- [Work item]
Given the records underneath, please repeat exactly the lines from the line with "Alloy One Big" through the line with "925 Ayar Gümüş", passing over any picture.

- [Material provided]
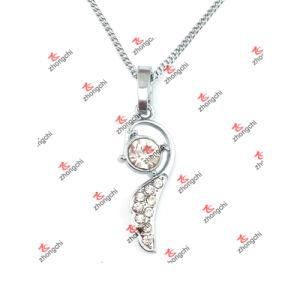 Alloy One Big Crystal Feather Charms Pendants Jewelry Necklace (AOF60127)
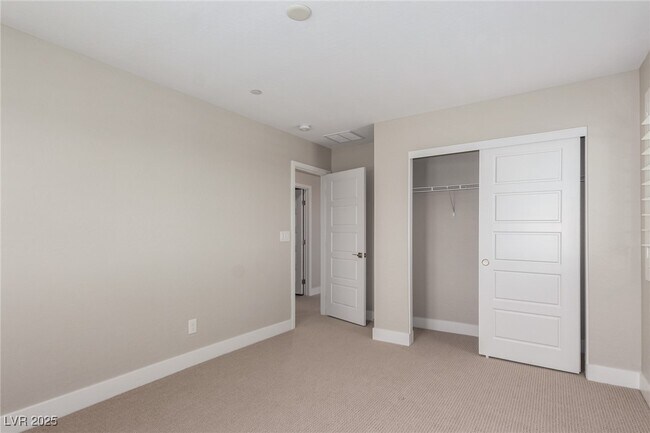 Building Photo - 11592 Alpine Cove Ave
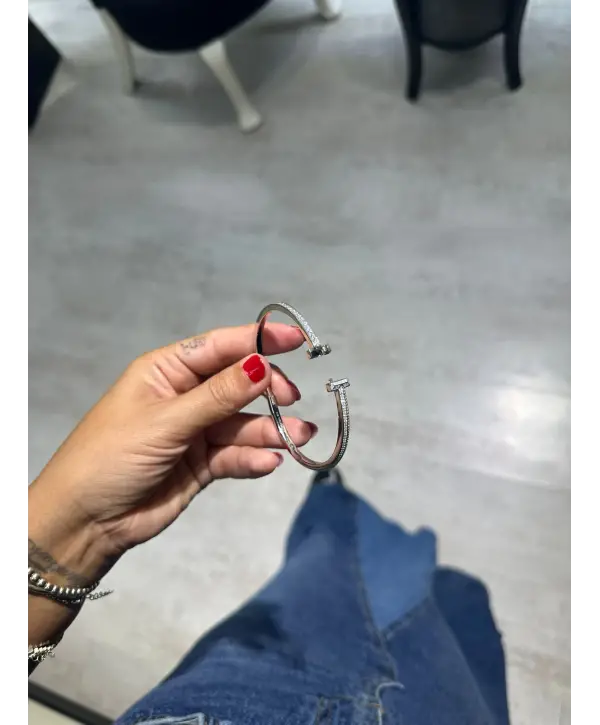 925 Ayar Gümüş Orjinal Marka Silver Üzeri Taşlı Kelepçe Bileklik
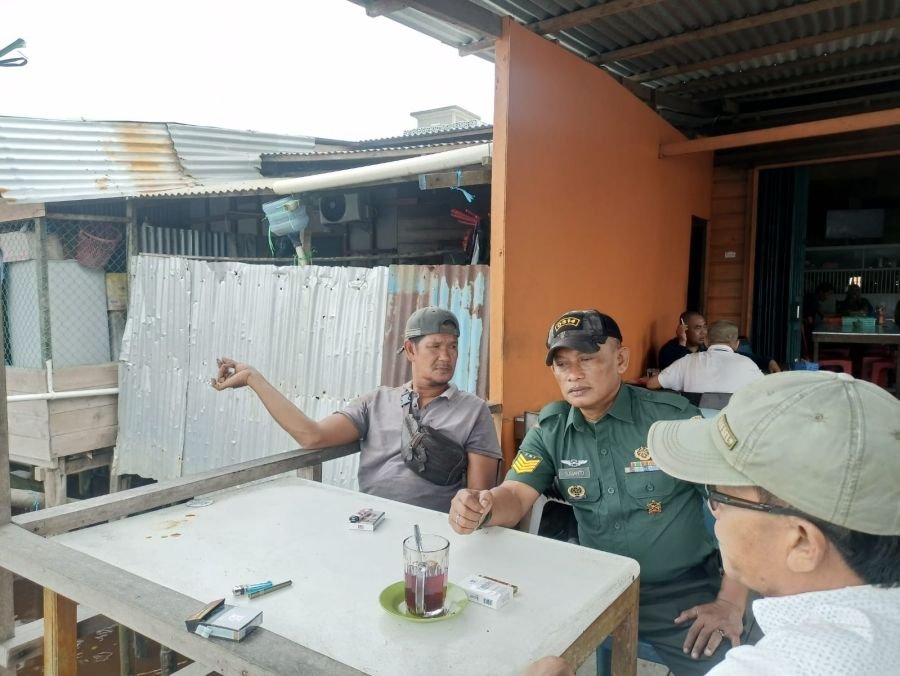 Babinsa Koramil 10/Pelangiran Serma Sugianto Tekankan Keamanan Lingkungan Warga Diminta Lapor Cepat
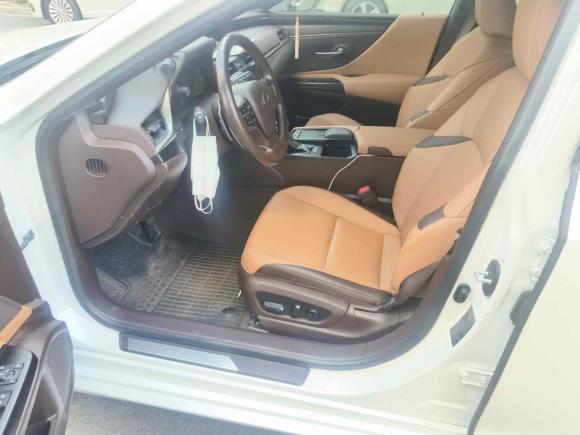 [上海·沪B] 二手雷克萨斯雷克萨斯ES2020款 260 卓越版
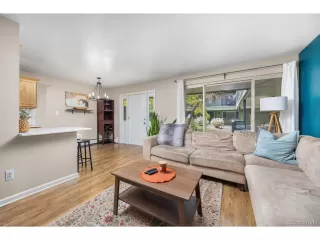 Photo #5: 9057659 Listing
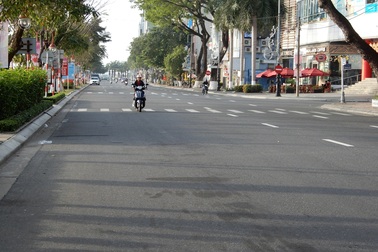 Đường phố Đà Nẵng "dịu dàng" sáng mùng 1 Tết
* * *
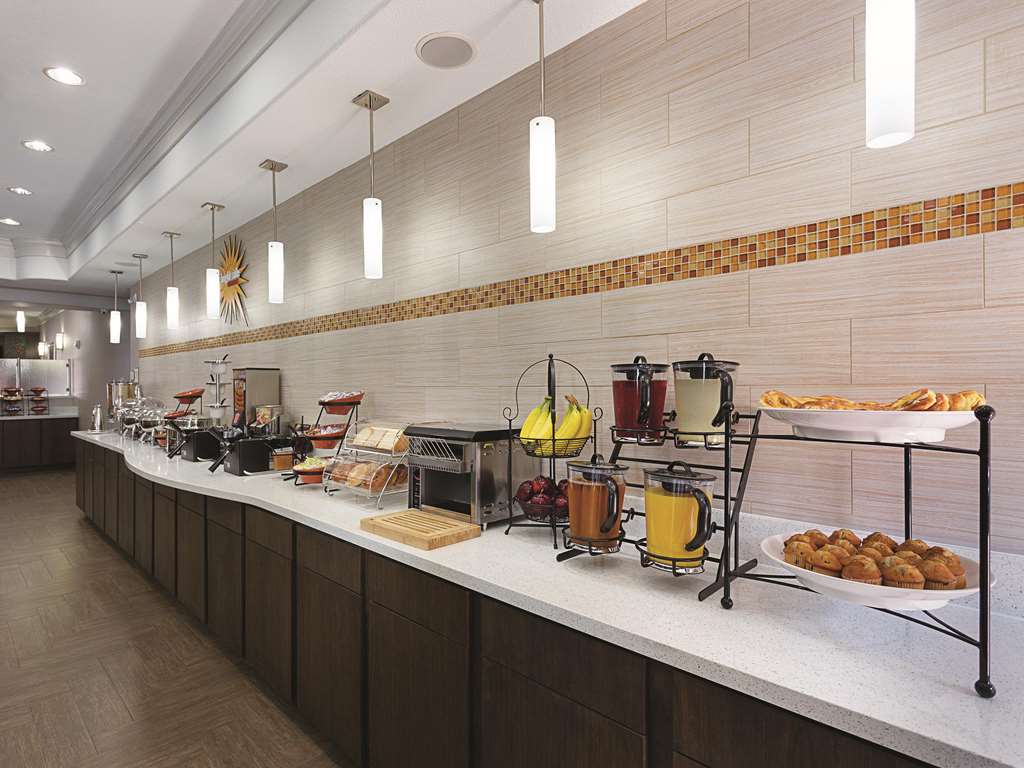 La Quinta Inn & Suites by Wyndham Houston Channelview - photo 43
--
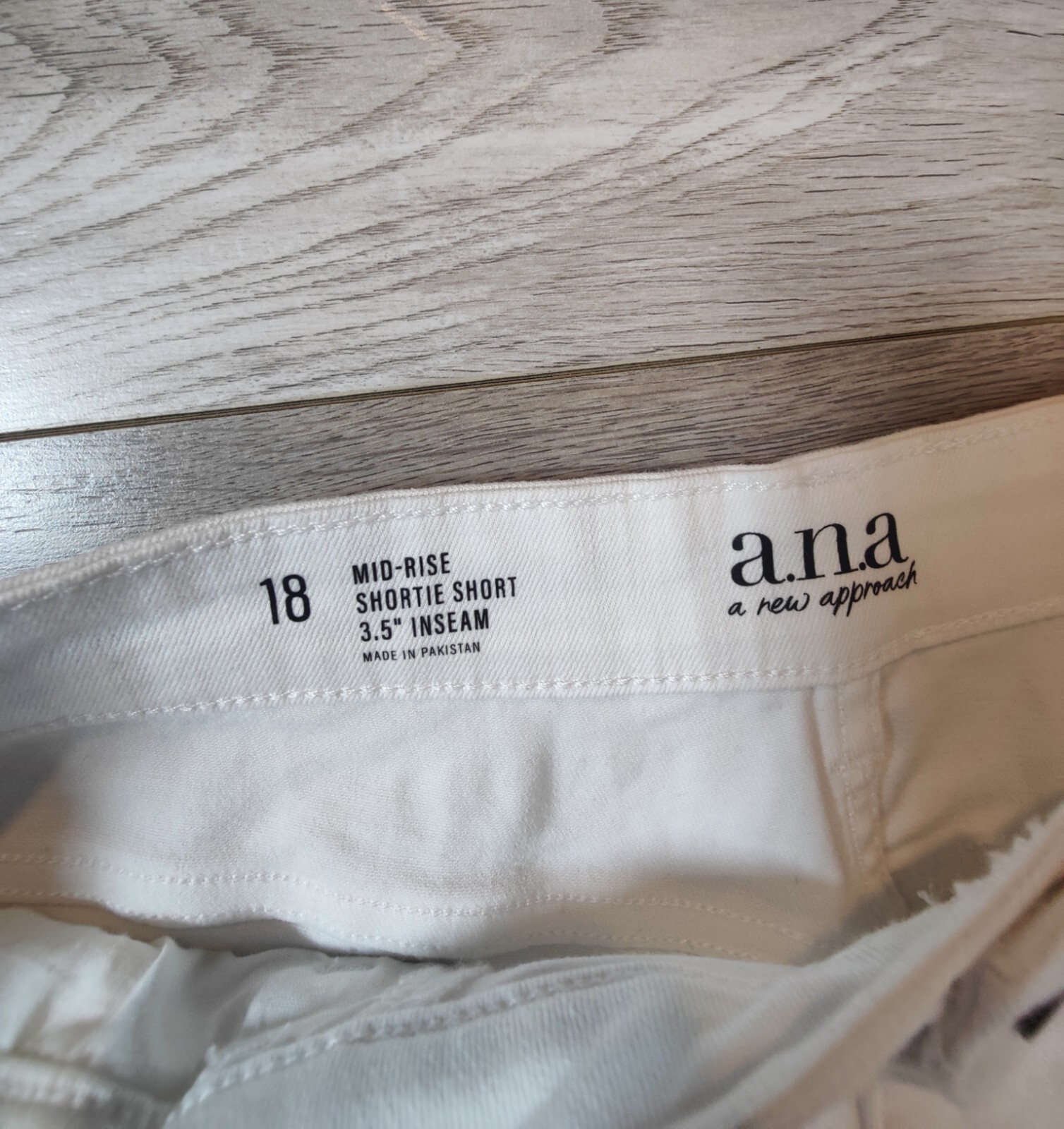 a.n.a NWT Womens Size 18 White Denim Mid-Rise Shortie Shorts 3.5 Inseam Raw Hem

- [Reply to the task]
 Alloy One Big Crystal Feather Charms Pendants Jewelry Necklace (AOF60127)
 Building Photo - 11592 Alpine Cove Ave
 925 Ayar Gümüş Orjinal Marka Silver Üzeri Taşlı Kelepçe Bileklik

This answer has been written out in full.